La producción de uva por yema muestra que no existen diferencias estadísticamente significativas entre tratamientos, tanto si se analizan éstos en conjunto como si se analizan en cada grupo según la carga de poda.

Conclusiones

La prepoda larga de Tempranillo, basada en pulgares de cuatro yemas o en varas de seis yemas, provoca un retraso de la brotación de las yemas bajas que puede llegar a ser de aproximadamente una semana. Sin embargo, este retraso fenológico acumulado por las yemas bajas es recuperado por los correspondientes brotes en las siguientes fases del ciclo, igualándose prácticamente en floración.

Las prepodas con carga inicial más alta conllevan una ligera reducción del porcentaje de brotación de las yemas francas; sin embargo, esta reducción del desborre provoca un ligero aumento de la brotación de yemas de corona y de madera vieja en relación con la poda en verde y el rebaje de los elementos de prepoda largos, compensando de esta forma el número de sarmientos totales en los distintos tratamientos de poda.

El peso medio del sarmiento prácticamente no se ve afectado por el tipo de prepoda, ya que el transcurso del ciclo vegetativo equilibra las posibles diferencias de desarrollo inicial de los brotes derivadas de las diferentes cargas de prepoda inicial. En este sentido, el peso medio del sarmiento es significativamente menor en los tratamientos que tienen mayor carga de poda definitiva.

El rendimiento no se ve afectado de forma determinante por el tipo de prepoda; sin embargo, tanto el número de racimos por cepa como el rendimiento son mayores en los tratamientos con mayor carga de poda definitiva. En todo caso, la producción por yema no se ve afectada ni por el tipo de prepoda, ni por la diferencia de carga definitiva de los distintos tratamientos.
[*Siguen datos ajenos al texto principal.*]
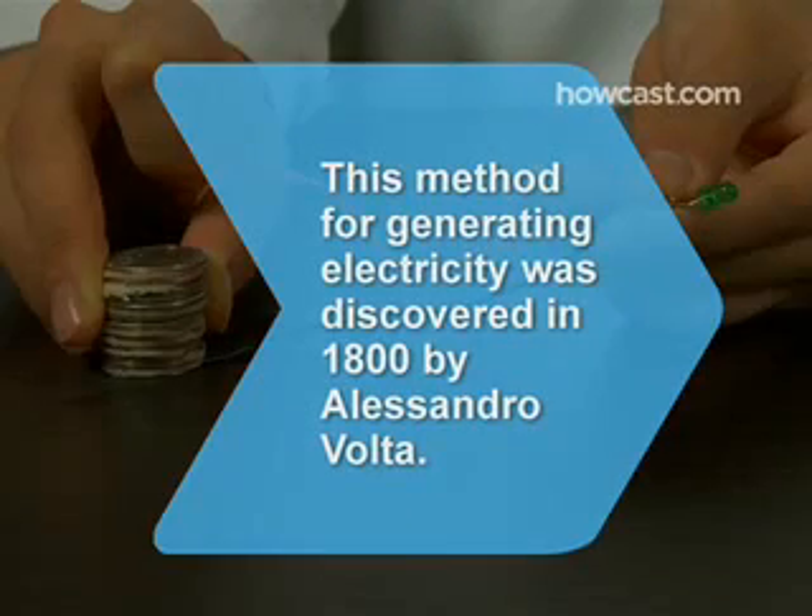Did you know? This method of generating electricity was discovered in 1800 by Alessandro Volta. His voltaic pile was the first wet cell battery to produce a reliable steady current of electricity.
La utilización de estrategias de prepoda en Tempranillo puede facilitar, por un lado, la reducción del riesgo de daño por heladas en la medida en que retrase el desborre de las yemas de rangos bajos y, por otro lado, el control del desarrollo vegetativo del viñedo sin que la presencia temporal o permanente de los elementos de poda largos altere el comportamiento productivo individual de las yemas de poda.